Seal. Seal recalls Eighties, rather than pre-Eighties, inspirations--in his case, the more commercial offerings of latter-day Peter Gabriel and Roxy Music. But he renders these sounds even more palatable by ensuring that no rough edges remain to jar listeners from a state of complacency. The result is something akin to the least intriguing ambient music--it's so smooth that it practically ceases to exist.

The list certainly doesn't end there. For instance, there's the previously mentioned Hootie, the top seller in the nation prior to the latest release by Selena, whose People-magazine-friendly murder has given her the usual career boost. Clearly, the band has hit home with all those people who really miss Huey Lewis and the News. Melissa Etheridge has gotten a boost, too, even though her music--she sounds like a cross between Janis Joplin and Bryan Adams--is about as distinctive as your average Wal-Mart.

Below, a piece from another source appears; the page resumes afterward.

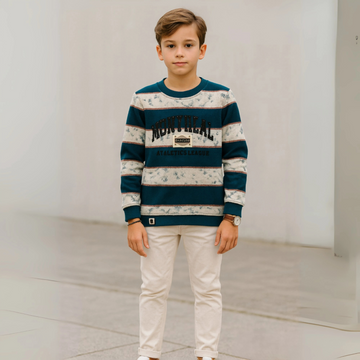 Boys Blue Full Sleeve Striped Sweat T-shirt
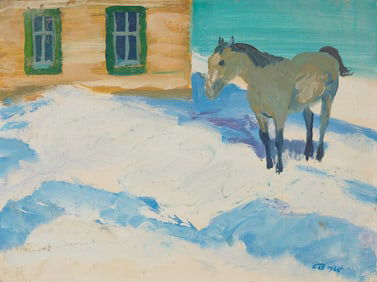 Cameron Booth "Horse in Winter" Oil Painting 1965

These artists and their contemporaries are presented to the public by pacifying personalities like VH1's Robin Dorian, who seems to be operating under direct orders to hide any vestiges of vibrancy behind an immobile smile and a wardrobe straight off the shelves at Eddie Bauer (the entire VH1 staff resembles cast members from a yuppified remake of Invasion of the Body Snatchers). Key VH1 program blocks are equally trite. The Big 80's plays many of the videos that MTV pounded into the ground ten years ago (e.g., anything by Duran Duran). 8-Track Flashback retreats even further, to the years between 1970 to 1982; acts in the spotlight range from Fleetwood Mac to Donna Summer. Morning Music Wire, meanwhile, is a Today show surrogate in which soft news and horoscope readings are interspersed with your favorite Dire Straits video, while Four on the Floor allows four music critics to pontificate ad nauseam on issues of the day. And artist features, in which a single band or performer is made the focus of prime-time coverage for an entire week, are cropping up with ever-increasing regularity. This programming is the perfect sop to record companies such as Epic, which saw a week's worth of VH1 puff pieces on Michael Jackson power History: Past, Present and Future, Book 1, his new CD set, to the top of the charts. More so than Diane Sawyer's chat with Jackson and his wife, Lisa Marie Presley, the VH1 nostalgia-fest (a treasure trove of videos made before the Gloved One transformed himself into a ringer for Audrey Hepburn) helped America temporarily forget all those sleep-overs he had with prepubescent boys at the Neverland Ranch.

That VH1's brand of entertainment is proving so persuasive suggests that the music scene is in a very dreary period. Fortunately, the appearance of a new and compelling style will likely sweep aside the stultifying fodder that VH1 has flogged into the latest big thing. But until then, you'll have to live with all those Blowfishes. Unless, that is, you change the channel.